┌──

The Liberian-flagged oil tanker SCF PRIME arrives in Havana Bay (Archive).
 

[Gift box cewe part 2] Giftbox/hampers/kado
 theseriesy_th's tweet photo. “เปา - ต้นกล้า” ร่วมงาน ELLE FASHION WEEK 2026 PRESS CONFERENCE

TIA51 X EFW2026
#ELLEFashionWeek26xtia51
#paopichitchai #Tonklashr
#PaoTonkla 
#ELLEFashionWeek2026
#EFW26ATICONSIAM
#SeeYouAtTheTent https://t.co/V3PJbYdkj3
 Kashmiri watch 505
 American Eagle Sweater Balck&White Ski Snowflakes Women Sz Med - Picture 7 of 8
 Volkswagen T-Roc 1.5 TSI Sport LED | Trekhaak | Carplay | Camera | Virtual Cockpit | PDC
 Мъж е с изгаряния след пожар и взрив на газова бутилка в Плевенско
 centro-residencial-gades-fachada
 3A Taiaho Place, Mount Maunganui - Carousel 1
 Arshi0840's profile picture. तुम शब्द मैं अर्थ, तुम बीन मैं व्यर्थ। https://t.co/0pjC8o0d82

└──

● **Exercise details**: Reproduce the line containing "theseriesy_th's tweet photo." and every line after it. Stop at the last line of the records, and add nothing.

● **Task output**:
 theseriesy_th's tweet photo. “เปา - ต้นกล้า” ร่วมงาน ELLE FASHION WEEK 2026 PRESS CONFERENCE

TIA51 X EFW2026
#ELLEFashionWeek26xtia51
#paopichitchai #Tonklashr
#PaoTonkla 
#ELLEFashionWeek2026
#EFW26ATICONSIAM
#SeeYouAtTheTent https://t.co/V3PJbYdkj3
 Kashmiri watch 505
 American Eagle Sweater Balck&White Ski Snowflakes Women Sz Med - Picture 7 of 8
 Volkswagen T-Roc 1.5 TSI Sport LED | Trekhaak | Carplay | Camera | Virtual Cockpit | PDC
 Мъж е с изгаряния след пожар и взрив на газова бутилка в Плевенско
 centro-residencial-gades-fachada
 3A Taiaho Place, Mount Maunganui - Carousel 1
 Arshi0840's profile picture. तुम शब्द मैं अर्थ, तुम बीन मैं व्यर्थ। https://t.co/0pjC8o0d82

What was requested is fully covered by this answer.